Caos y Segundas Oportunidades

​Capítulo 2: El sabor del café frío y las verdades amargas

Adrián se dejó arrastrar, no porque Valeria tuviera una fuerza física superior, sino porque el absurdo de la situación le había desconectado los cables de la voluntad. Estaba sentado en el asiento trasero del SUV, rodeado de una mochila de gimnasio con olor a humedad, una bolsa de papas fritas a medio terminar y un silencio sepulcral que emanaba de Mateo, quien lo observaba por el retrovisor como si fuera un espécimen de laboratorio peligroso.

Valeria, al volante, buscaba desesperadamente el termo de café entre el desorden del suelo.

​—¡Ajá! Aquí está —exclamó, triunfante. Le extendió una taza de plástico a Adrián—. Tómatelo. Está frío, probablemente tiene demasiada azúcar y puede que un poco de arena, pero te aseguro que te traerá de vuelta a este mundo, te guste o no.

Adrián tomó la taza. Sus manos aún temblaban ligeramente, no de frío, sino por la adrenalina residual del "no salto". Miró el líquido oscuro. Su mente voló, inevitablemente, a la razón de su vacío.

​Hacía apenas dos meses, su vida parecía un anuncio de revista. Iba a casarse con Isabella, la mujer que creía el amor de su vida, y estaba a punto de ser nombrado socio en la firma de arquitectura de su padre. Todo se desmoronó en una sola noche, cuando descubrió que Isabella no solo lo engañaba, sino que el hombre con el que estaba era el mismo que le había proporcionado la información para estafar a la constructora de su familia. Pero el golpe final no fue la traición de ella. Fue descubrir, en una carpeta oculta en el despacho de su padre, que este lo sabía todo.
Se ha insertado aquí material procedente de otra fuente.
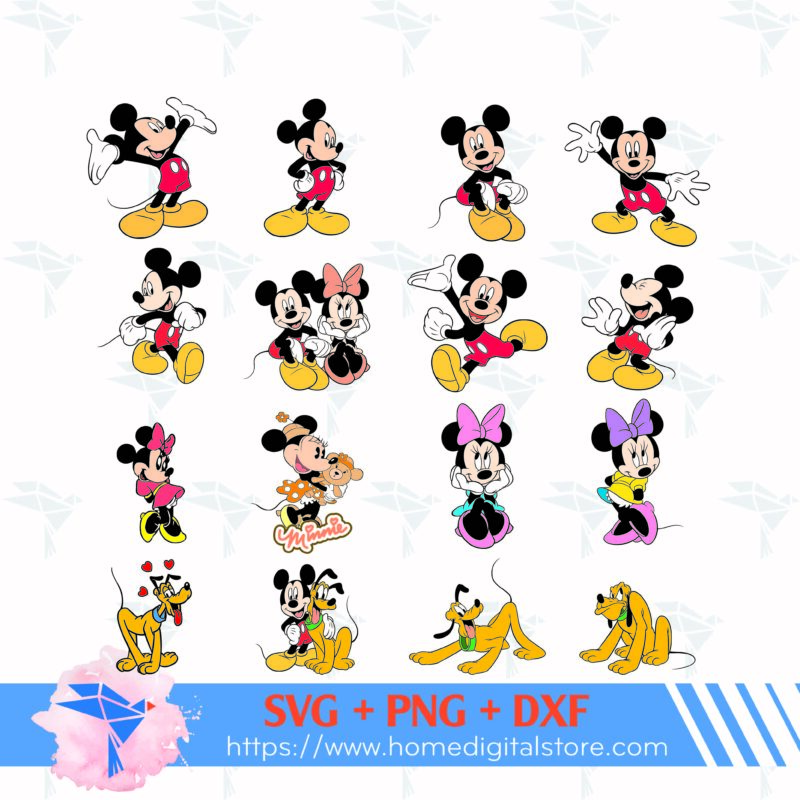 Mickey Silhouette SVG, PNG, DXF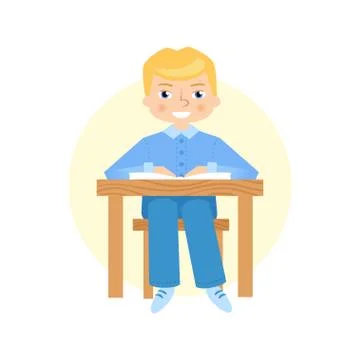 Schoolboy raising hand flat vector illustration. Stock Illustration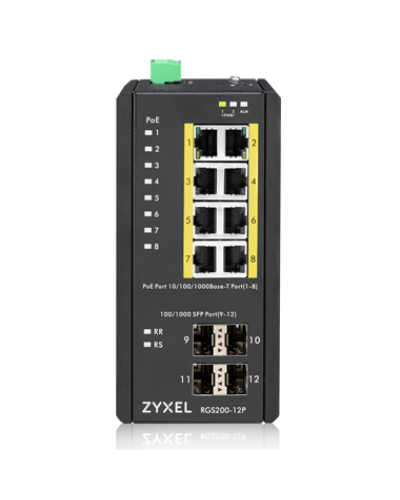 RGS200-12P-ZZ0101F. Промышленный L2 PoE+ коммутатор. ZYXEL в Копейске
Don Samuel había permitido la relación y la estafa para usarla como chantaje contra un competidor. Para su padre, Adrián no era un hijo; era un peón que se podía sacrificar en una jugada de negocios.

​Esa traición doble, el saber que las dos personas en las que más confiaba lo habían vendido por poder y dinero, fue lo que le vació el pecho.
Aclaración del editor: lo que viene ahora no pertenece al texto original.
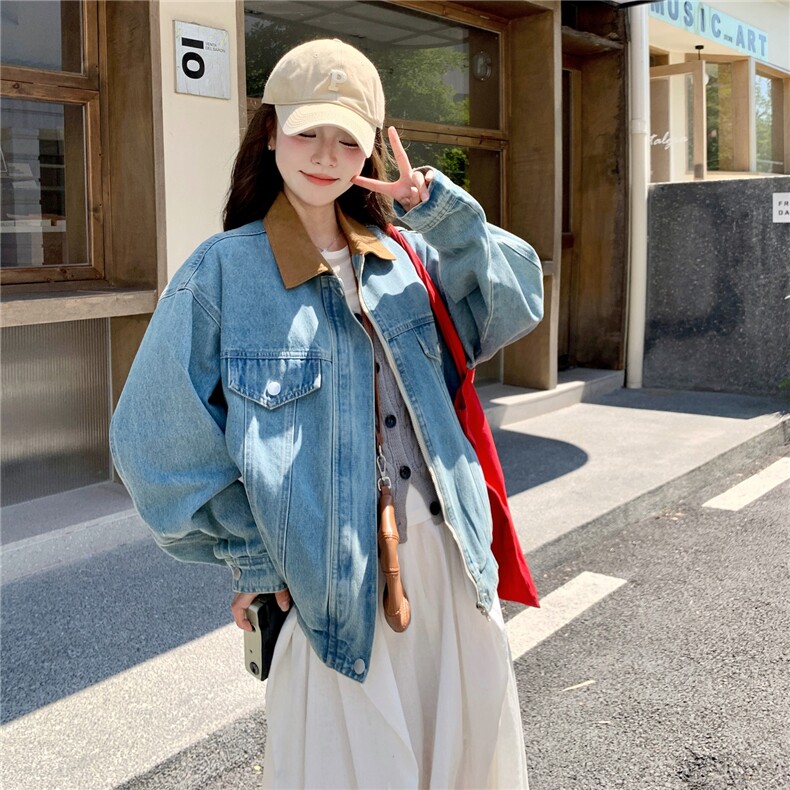 浅蓝色复古小个子牛仔外套女2025秋季减龄流行设计感宽松夹克上衣,女装短外套,2C053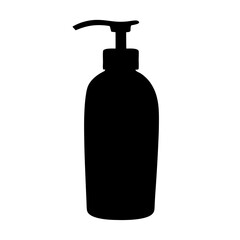 Silhouette of a pump dispenser bottle, typically used for soap or lotion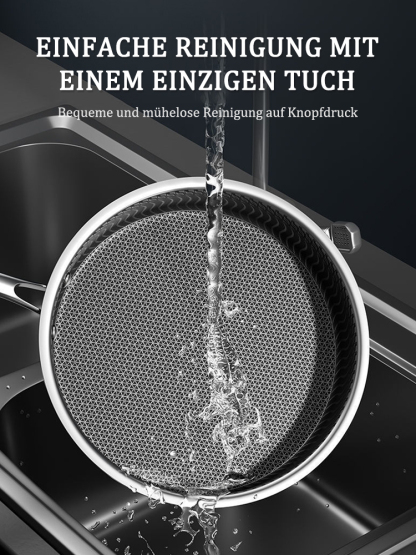 Die letzte Pfanne für Ihr Leben – Profi-Qualität & 80% Ersparnis! 🥘 Schluss mit abblätternden Beschichtungen! Unsere 316L Edelstahl-Hybridpfanne mit innovativer Waben-Struktur ist unzerstörbar und kratzfest (sogar bei Metallwendern).
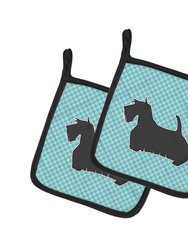 Scottish Terrier Checkerboard Blue Pair of Pot Holders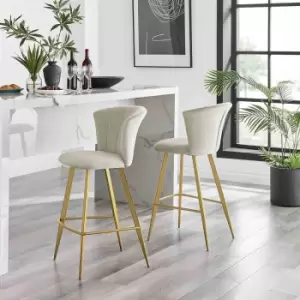 Image of Furniture Box 2x Juniper Cappuccino Beige Velvet Gold Leg Bar Stools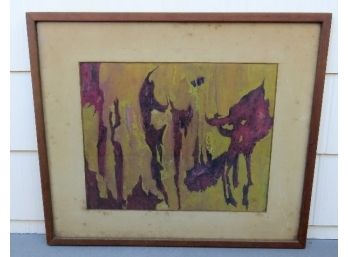 Framed Mid-century Abstract, Signed MER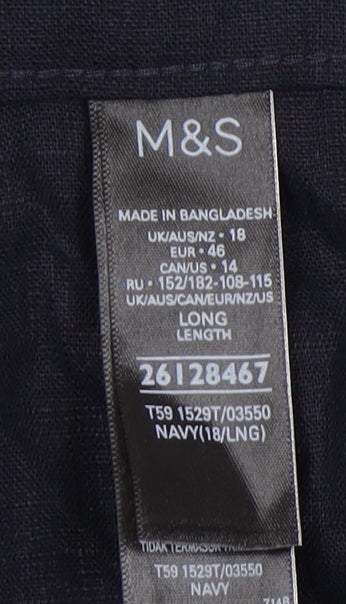 Marks and Spencer Women's Blue Linen Trousers, Size 18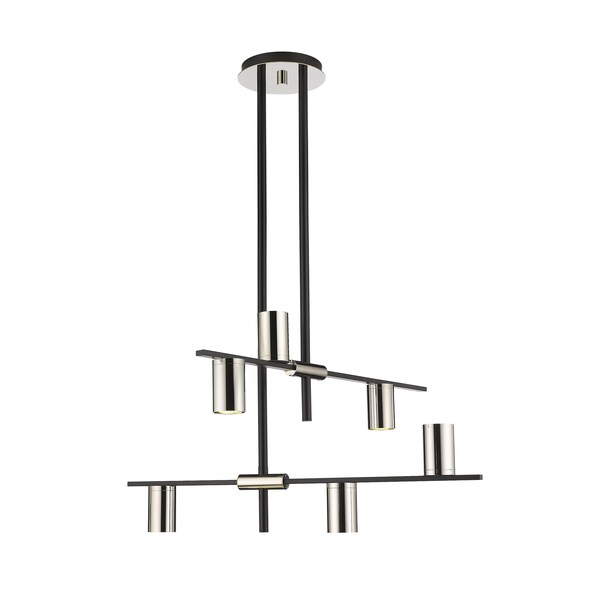 Z-Lite Calumet 6 Light Chandelier, Mate Black + Polished Nickel 814-6MB-PN - main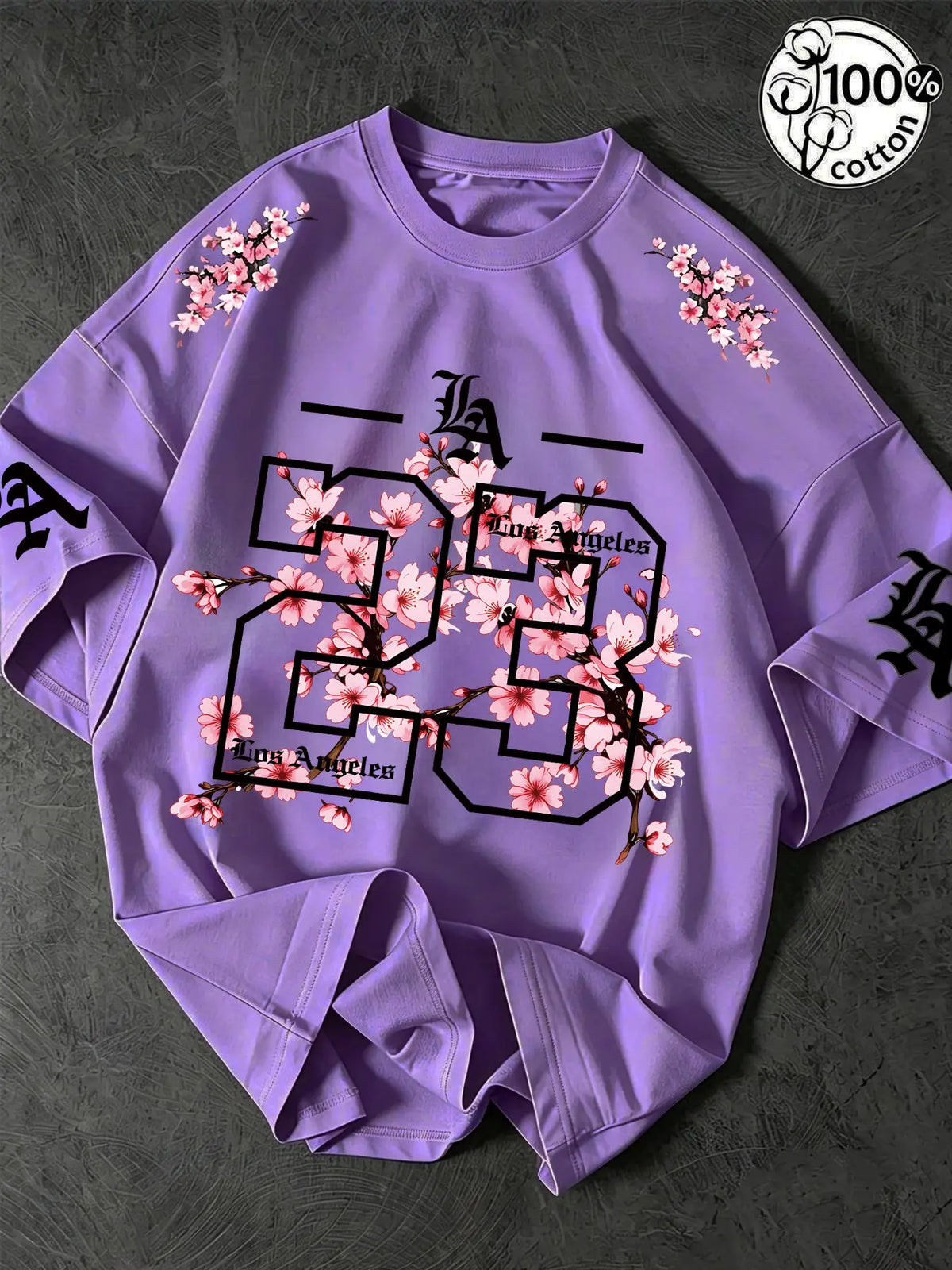Unisex 100% Cotton Oversized Round Neck Aesthetic T-Shirt, Los Angeles 23 Gothic Cherry Blossom Print, Y2K Streetwear Top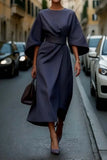 Women's Fashion Temperament Elegant Solid Color Waist Dress Casual Bat Sleeve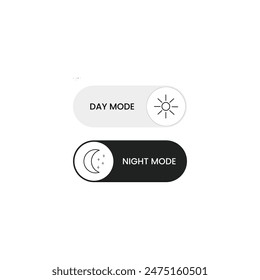 Vector day night switch. Mobile app interface design concept. Dark mode switch icon. Day and night mode gadget application.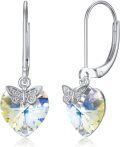 wholesale 925 Sterling Silver Butterfly & Heart Shape Swarovski Elements Drop Earrings Gift for Her-0-0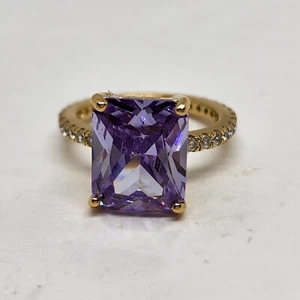 Anillo Bling Moda Tono Dorado Púrpura Talla 4 - Imagen 1 de 8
​—¿Se va a quedar mirando el café o va a decir algo? —la voz chillona de Mía lo sacó de sus pensamientos—. Por cierto, soy Mía. El que te mira como si fueras un asesino serial es mi hermano Mateo. Y mi mamá es... bueno, ya la viste. Un desastre con patas.
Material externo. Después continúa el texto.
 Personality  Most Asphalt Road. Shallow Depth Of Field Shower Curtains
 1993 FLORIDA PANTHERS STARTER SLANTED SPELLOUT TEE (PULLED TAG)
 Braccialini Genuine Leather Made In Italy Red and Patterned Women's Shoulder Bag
Adrián dirigió su mirada gélida a la niña.

​—Me llamo Adrián. Y tu madre no es un desastre, es una imprudente. Casi se cae ella por intentar "salvarme".

​—Te salvé, punto final —sentenció Valeria, arrancando el motor—. Y ahora, como no pareces tener a nadie que te espere para cenar con esa cara de "el mundo me odia", nos vas a acompañar a por pizza. Mateo necesita calorías para seguir siendo un amargado y Mía necesita... bueno, dejar de hablar cinco minutos.

​—No voy a ir a cenar con ustedes —dijo Adrián, intentando abrir la puerta, pero Valeria ya había activado el cierre centralizado.

​—En este coche mando yo —dijo ella con una sonrisa desafiante—. Y después de evitar que te conviertas en comida para peces, me debes al menos una conversación donde no intentes suicidarte.

Mateo suspiró, acomodándose las gafas.

​—Mamá, esto es secuestro. Técnicamente, es un delito federal.

​—Cállate, Mateo. Es "caridad extrema" —respondió Valeria, aunque sus manos en el volante aún apretaban con fuerza. Ella también estaba asustada, pero su instinto de madre divorciada, acostumbrada a lidiar con desastres diarios, no le permitía dejar solo a ese hombre que desprendía una tristeza tan familiar para ella.

Adrián se hundió en el asiento. El olor a pizza barata y el caos de los gritos que empezaban a surgir entre los hermanos por la música de la radio eran un contraste violento con el silencio mortal que buscaba en el acantilado.

​—¿Por qué lo hizo? —preguntó Adrián de repente, su voz apenas un susurro sobre el ruido.

Valeria lo miró por el espejo. Su expresión se suavizó.

​—Porque hace un año, yo también estuve sentada en un lugar muy oscuro, Adrián. Mi marido me dejó por su secretaria de 22 años y se llevó hasta las cucharas de plata. Me sentí vieja, usada y vacía. Pero luego mi hijo me regañó por no lavar su uniforme de fútbol y mi hija me pidió ayuda con una trenza... y entendí que el vacío solo se llena si dejas que el ruido entre de nuevo.

Adrián no respondió, pero bebió un sorbo del café frío. Sabía a rayos, pero por primera vez en semanas, sintió algo ardiendo en su estómago. No era felicidad, era curiosidad. ¿Quién era esta mujer loca que creía que una pizza podía arreglar un alma rota?